In the just-ended, five-year Pacific Northwest Smart Grid Demonstration Project, Battelle found utilities using automated, electronic signals called "transactive controls" to predict peak power demand and send signals to smart grid devices were able to predict and respond to unexpected events on the grid, Battelle's director of the project Dr Ron Melton told us yesterday. Battelle took over administration of the demo project after some initial drama (SGT, 2009-Aug-28) and tested transactive controls using technology from Alstom and IBM.
The project used an Alstom-designed model that mimicked actual conditions on the grid in the region and a model from IBM of the Pacific Northwest that simulated theoretical grid scenarios, Melton said. The IBM-model tests showed that using transactive DR equipment on 30% of the regional grid could cut the region's peak power demand by about 7.8%, he added.
The transactive controls let utilities "coordinate and control" more accurately. "We were able to verify that the technology works as intended."
The transactive control technology Battelle tested could potentially be used for DR programs, but that would entail regulatory and policy changes, Melton said.
The main problem utilities faced was getting power dispatch signals from transactive technology but not being able to act on the signals using conventional DR programs, he added. But that situation could be changed.
"One area for further development would be, on the policy and regulatory side, to work out the basis for customer engagement as a responsive element of the power system, where they can respond on an event-driven basis, but to more events, or even on a continuous basis based on the demand signal," Melton said.
Transactive technology is not an endgame but a tool for expanding distributed and renewable energy-resource integration on the grid, he added. "It allows one to reveal the flexibility of behind-the-meter assets like water heaters and HVAC systems," Melton said.
Interoperability was an issue reported by utilities taking part in the project, he added. During the project, some utilities complained that integrating technology into the same project would often take much longer than planned, delaying the overall project while two vendors pointed fingers at each other without resolution, Melton said.
However, the situation is "getting better overall" as the technology matures and as vendors gain experience and learn from their challenges integrating technology in the last five years, he added.
Utilities need to identify specific interoperability needs and priorities so that the next set of standards can take them into account and respond to them, Melton said. He is also involved with the Smart Grid Interoperability Panel and the Gridwise Architecture Council.
The progress in interoperability paralleled the development of the Northwest project, and that interoperability issues were associated with technology picked at the start and do not necessarily still exist, he added.
But interoperability issues do persist, as Southern California Edison Advanced Technology Director Doug Kim recently pointed to proprietary technology as an issue that could hinder smart grid development (SGT, March-31).

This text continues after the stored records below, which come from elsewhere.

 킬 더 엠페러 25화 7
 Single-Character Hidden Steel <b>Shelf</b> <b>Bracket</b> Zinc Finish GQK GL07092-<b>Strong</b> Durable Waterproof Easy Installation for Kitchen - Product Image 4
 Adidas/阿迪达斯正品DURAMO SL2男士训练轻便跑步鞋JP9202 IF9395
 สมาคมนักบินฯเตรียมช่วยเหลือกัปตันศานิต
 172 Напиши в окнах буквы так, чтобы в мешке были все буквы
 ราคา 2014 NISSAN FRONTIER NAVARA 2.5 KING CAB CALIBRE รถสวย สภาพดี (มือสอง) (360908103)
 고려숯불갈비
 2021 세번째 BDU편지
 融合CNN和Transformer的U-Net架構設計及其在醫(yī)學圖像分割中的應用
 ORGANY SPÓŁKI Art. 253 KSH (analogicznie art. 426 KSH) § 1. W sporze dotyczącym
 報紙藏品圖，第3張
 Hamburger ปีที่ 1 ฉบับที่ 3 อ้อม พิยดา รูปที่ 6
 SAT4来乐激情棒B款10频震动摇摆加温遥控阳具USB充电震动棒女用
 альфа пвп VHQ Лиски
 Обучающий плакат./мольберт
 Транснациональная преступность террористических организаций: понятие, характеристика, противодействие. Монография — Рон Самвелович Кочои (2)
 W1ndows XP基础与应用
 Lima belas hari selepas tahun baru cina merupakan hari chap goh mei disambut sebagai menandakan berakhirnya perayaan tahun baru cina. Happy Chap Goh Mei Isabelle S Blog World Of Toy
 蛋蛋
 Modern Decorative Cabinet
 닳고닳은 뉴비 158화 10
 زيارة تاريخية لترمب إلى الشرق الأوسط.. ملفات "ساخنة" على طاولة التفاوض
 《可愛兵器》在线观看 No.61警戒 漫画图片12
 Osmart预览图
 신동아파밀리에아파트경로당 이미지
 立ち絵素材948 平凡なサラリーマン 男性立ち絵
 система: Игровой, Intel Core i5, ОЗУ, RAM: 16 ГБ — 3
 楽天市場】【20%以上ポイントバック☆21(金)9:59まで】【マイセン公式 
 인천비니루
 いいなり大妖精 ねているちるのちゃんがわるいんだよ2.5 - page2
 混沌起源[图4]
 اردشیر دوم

Working with a large amount of data cropped up as an issue, and vendors should work to ensure they give utilities better tools for handling a much larger and more complex data stream than they may be used to, Melton said.
Generating good quality, usable data from smart grid systems can be fairly difficult, and utilities need to be able to compare data coming from their actual systems to the data that came from modeling or from sensors, so that they can flag data that does not look right, he added.
Larger utilities may have the capability to deal with data issues, whether that's through a larger staff or through a better toolset, but smaller and medium sized utilities will struggle without better vendor assistance, Melton said.
As the demo wraps up, utilities that took part are setting out on their own smart grid projects, Battelle told the press.
Idaho Falls Power will implement a conservation voltage reduction program throughout its distribution grid.
Avista Utilities will install voltage controls and fault-detection technology in its service area and also roll out an AMI program for Washington State customers next year, Battelle said.
Libby, Mont-based Flathead Electric will install 1,000 water heater load-control devices for residential and small business customers over the next five years, it added.